İstenilen tazminat miktarı: 12 milyar 848 milyon
Yakılarak yok edilen gazete, dergi, kitap: 39 ton
Yok edilmek üzere depolarda bekleyen yayın: 40 ton
Basın özgürlüğünü kısıtlayan yasa sayısı: 151
Yasaklanan yayın sayısı: 927
Yasaklanan film sayısı: 927
Haklarında idam cezası istenenler: 7.000
Ölüm cezası verilenler: 517
Askeri Yargıtay’ın onayladığı idam cezası: 124
Dosyası Meclis’te bulunan idam hükümlüsü: 259
İnfaz edilen idam cezası: 50
İnfaz edilen sol görüşlü idam mahkumu: 18
İnfaz edilen sağ görüşlü idam mahkumu: 8
1980 – 1985 yılları arasında… 
22.912 kişiye 0-1 yıl ceza verildi
10.784 kişiye 1-5 yıl ceza verildi
6.186 kişiye 5-10 yıl ceza verildi
2.396 kişiye 10-20 yıl ceza verildi
939 kişiye 20 yılın üzerinde ceza verildi
630 kişiye müebbet hapis cezası verildi
420 kişiye ölüm cezası verildi
Tabloyu korkunç bulanlar için bir hatırlatma yapayım. 15 Temmuz Darbe Girişimi denilen menhus tarih var ya. Hani seviniyorlar “Halk darbeyi önledi” filan diye. O tarihten sonra Erdoğan ve yönetiminin yaptığı bireysel, kitlesel kırımın bilançosu 12 Eylül bilançosunu kat be kat sollamış durumda.
Hatta bazı alanlarda yapılan kıyıma bakılırsa 12 Eylül’e darbe demek bile mümkün değil!
Merak edenler turkeypurge.com sitesine girip ayrıntılı karşılaştırma yapabilir, benim artık tahammül edecek halim kalmadı bu iç parçalayıcı rakamları okumaya.

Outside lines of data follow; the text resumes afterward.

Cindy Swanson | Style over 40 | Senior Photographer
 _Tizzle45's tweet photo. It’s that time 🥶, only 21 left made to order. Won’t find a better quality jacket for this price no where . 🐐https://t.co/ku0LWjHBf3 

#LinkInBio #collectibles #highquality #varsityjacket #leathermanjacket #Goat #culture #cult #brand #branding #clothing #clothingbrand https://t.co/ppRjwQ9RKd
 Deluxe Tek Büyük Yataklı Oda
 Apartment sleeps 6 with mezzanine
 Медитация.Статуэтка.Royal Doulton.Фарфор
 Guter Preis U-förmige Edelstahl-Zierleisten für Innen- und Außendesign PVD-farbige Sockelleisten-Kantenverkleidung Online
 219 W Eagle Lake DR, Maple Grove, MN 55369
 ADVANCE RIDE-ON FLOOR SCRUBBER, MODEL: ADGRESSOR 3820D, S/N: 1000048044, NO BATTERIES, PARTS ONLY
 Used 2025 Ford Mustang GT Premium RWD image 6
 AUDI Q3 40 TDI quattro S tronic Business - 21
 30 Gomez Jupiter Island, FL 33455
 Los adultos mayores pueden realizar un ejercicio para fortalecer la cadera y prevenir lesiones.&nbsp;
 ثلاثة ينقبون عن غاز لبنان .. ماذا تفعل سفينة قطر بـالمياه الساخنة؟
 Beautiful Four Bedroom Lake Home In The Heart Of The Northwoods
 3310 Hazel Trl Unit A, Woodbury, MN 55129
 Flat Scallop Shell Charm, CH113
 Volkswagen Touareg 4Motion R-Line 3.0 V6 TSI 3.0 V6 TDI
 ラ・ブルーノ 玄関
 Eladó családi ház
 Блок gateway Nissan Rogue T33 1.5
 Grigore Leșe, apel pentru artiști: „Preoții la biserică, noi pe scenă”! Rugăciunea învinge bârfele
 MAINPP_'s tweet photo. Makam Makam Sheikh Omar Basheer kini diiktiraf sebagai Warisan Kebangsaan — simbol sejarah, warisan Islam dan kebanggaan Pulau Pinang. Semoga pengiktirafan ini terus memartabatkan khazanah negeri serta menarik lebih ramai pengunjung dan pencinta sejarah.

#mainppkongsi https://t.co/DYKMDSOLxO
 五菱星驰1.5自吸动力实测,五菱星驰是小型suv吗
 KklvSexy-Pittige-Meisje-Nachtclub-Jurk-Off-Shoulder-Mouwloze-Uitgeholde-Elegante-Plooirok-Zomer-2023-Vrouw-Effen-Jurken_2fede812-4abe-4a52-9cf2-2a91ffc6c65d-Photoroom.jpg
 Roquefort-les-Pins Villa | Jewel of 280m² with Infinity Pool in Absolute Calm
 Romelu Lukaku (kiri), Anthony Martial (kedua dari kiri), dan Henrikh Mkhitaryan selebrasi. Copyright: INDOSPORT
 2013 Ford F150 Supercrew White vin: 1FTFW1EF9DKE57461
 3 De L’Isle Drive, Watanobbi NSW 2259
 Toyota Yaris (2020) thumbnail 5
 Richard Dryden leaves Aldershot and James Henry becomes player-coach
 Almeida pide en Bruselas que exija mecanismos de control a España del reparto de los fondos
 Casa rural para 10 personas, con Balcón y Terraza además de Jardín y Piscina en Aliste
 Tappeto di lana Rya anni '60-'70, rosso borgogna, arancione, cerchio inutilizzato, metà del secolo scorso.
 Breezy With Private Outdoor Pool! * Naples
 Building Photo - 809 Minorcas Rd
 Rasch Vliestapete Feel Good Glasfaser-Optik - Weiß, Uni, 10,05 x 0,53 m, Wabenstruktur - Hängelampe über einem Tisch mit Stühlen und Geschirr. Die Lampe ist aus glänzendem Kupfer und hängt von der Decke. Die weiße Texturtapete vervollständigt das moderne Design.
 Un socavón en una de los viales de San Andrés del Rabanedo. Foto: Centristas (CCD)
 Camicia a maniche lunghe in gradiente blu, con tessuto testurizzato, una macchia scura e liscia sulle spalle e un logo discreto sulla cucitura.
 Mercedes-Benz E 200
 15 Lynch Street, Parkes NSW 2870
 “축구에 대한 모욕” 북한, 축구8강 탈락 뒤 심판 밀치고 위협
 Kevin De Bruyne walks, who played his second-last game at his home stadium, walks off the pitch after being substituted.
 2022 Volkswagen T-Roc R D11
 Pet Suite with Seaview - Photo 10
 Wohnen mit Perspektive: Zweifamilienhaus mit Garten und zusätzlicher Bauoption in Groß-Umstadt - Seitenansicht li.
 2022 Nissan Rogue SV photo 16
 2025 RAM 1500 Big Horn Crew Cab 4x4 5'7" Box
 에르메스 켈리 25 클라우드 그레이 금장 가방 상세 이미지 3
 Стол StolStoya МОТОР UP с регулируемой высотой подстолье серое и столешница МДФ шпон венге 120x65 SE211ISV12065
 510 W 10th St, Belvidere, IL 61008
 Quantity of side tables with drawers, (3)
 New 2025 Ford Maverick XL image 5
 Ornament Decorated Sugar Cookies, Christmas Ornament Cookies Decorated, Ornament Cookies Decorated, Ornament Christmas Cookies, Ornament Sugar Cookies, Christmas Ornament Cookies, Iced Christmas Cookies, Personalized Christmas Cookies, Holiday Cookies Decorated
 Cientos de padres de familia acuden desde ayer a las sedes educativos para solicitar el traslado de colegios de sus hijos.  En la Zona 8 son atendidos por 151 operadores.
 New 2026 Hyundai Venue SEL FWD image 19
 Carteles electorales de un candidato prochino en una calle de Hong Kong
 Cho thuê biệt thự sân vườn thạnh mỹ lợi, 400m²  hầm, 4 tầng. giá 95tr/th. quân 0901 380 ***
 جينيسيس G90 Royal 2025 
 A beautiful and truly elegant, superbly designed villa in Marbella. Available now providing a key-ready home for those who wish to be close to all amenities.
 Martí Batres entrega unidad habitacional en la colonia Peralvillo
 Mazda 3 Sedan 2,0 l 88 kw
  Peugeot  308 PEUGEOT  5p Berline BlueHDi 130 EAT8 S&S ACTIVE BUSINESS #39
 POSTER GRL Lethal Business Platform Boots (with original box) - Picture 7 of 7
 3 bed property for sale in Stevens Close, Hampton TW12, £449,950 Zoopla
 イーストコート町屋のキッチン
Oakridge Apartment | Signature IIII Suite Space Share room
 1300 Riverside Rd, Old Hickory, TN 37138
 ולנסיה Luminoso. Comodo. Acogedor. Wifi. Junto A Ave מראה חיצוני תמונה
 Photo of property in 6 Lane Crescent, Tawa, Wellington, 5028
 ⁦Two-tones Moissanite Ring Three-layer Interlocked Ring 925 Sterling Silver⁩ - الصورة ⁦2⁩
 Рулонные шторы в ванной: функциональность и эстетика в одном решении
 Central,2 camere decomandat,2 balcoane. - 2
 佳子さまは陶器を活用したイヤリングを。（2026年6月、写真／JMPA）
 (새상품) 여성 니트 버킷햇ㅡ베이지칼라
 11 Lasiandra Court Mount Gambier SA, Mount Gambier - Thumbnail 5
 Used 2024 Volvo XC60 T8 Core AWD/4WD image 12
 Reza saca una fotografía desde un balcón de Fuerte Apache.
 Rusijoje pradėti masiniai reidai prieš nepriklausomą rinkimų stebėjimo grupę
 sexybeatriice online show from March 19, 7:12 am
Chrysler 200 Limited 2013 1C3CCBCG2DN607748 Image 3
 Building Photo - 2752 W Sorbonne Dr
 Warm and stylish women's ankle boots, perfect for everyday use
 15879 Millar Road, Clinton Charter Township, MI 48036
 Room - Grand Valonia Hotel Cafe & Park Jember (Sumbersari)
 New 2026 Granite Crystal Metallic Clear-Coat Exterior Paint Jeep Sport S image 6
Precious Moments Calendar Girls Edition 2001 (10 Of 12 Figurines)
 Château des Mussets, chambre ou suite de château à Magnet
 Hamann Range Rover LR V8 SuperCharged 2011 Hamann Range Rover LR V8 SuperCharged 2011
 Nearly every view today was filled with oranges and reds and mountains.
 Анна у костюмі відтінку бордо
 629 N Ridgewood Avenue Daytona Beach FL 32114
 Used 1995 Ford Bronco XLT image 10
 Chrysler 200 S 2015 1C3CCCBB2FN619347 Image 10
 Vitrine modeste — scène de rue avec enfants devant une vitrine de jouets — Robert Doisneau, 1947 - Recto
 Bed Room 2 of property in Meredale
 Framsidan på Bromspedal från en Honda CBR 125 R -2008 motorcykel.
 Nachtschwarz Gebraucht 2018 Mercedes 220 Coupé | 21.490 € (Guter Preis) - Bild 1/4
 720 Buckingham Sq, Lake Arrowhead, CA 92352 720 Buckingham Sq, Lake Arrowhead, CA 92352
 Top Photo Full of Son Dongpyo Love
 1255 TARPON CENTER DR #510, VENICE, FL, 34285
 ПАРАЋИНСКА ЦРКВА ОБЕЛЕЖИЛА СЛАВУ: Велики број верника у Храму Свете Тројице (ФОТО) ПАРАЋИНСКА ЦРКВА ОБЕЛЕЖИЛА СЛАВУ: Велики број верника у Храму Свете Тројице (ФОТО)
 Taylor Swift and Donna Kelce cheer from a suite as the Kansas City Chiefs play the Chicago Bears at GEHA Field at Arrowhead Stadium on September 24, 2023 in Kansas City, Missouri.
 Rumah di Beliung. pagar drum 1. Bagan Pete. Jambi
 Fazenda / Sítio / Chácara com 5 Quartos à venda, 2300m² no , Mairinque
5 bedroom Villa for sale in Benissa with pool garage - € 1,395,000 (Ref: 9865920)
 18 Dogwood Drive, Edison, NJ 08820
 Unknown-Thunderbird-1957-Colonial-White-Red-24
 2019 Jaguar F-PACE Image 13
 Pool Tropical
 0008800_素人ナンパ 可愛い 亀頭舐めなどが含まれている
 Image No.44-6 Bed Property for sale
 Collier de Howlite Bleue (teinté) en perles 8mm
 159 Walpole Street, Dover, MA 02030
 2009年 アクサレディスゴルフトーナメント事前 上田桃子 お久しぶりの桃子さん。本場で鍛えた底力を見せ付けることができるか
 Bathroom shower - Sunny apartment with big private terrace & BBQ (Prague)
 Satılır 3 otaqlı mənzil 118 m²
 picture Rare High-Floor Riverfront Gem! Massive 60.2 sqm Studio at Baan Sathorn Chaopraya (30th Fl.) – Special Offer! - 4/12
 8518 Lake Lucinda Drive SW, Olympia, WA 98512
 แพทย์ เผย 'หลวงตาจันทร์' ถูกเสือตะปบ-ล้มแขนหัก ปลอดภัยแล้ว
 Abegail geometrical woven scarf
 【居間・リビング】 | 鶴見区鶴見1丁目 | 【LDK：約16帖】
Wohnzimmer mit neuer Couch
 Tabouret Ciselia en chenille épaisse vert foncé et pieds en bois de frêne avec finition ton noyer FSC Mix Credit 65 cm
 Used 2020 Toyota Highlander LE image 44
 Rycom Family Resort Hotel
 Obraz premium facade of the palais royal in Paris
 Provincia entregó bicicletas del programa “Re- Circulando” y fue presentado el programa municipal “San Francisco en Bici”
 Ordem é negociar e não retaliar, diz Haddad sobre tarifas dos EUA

Size başka bir hikaye anlatacaktım giriş uzadı özür dilerim.
Hilanlı (Hilvan değil) Şeyho Dayı’nın öyküsü. (Aslı Şıxo’dur)
İbretlik, insanın boğazını düğüm düğüm eden, göğsünün üzerine kocaman bir kayayı oturtan bir hayat öyküsüdür Şeyho Dayı’nın ki…
Zalimler için insan hayatının nasıl önemsiz olduğunun yaşayan kanlı canlı ispatı Şeyho Dayı.
Şeyho Dayı’nın soy ismi var elbette; Karakoç…
Kendi halinde Anadolu’nun bir Alevi köyünde yaşayan sıradan bir insan.
12 Eylül Darbesi sonrası bir takım alt düzey askerler kafayı takıyorlar bu köye. Çünkü Alevi. Ve şöyle bir mantık yürütüyor darbeciler ve onlara yaranmak isteyen alt kadroları; Aleviler sol terörü destekler!
Kendi anlatsın: “12 Eylül’de Hilan köyünde geldiler, bizi topladılar. Boztepe’de, sonbaharda 2 saat bize eğitim yaptırdılar. Merkez Komutanlığı’na getirdiler. Orada bizi dövdüler, nezarete attılar. Akşam tekrar gelip bizi aldılar. ‘Sizde silah var’ dediler. Ben şunu hiç unutmam; bir adam geldi, başçavuş hazrola geçti. Başçavuşa dedi ki ‘Bunlar nereli?’ Başçavuş da ‘Bunlar Ağılbaşılı, bunlarda silah var’ dedi. ‘Terörist var bunlarda’ dedi. Adam şunu dedi: ‘Ya bırak bunları, bunlarda bir şey olmaz. Bırak adamlar gitsin, ben bunların köyünde 2 senede bir silah satamadım.’ Adam bunu deyince bizi bıraktılar, akşam tekrar gelip aldılar. Sadece bize işkence yapmak için. Dilek’ten kimseye işkence olmamış, sadece Ağılbaşlılara, Hilanlılara, Atmalılara oldu. Halen daha o muhtarımız sağ. Bizi köyün ortasında falakaya yatırdılar. Muhtarımız mide kanaması geçirdi.”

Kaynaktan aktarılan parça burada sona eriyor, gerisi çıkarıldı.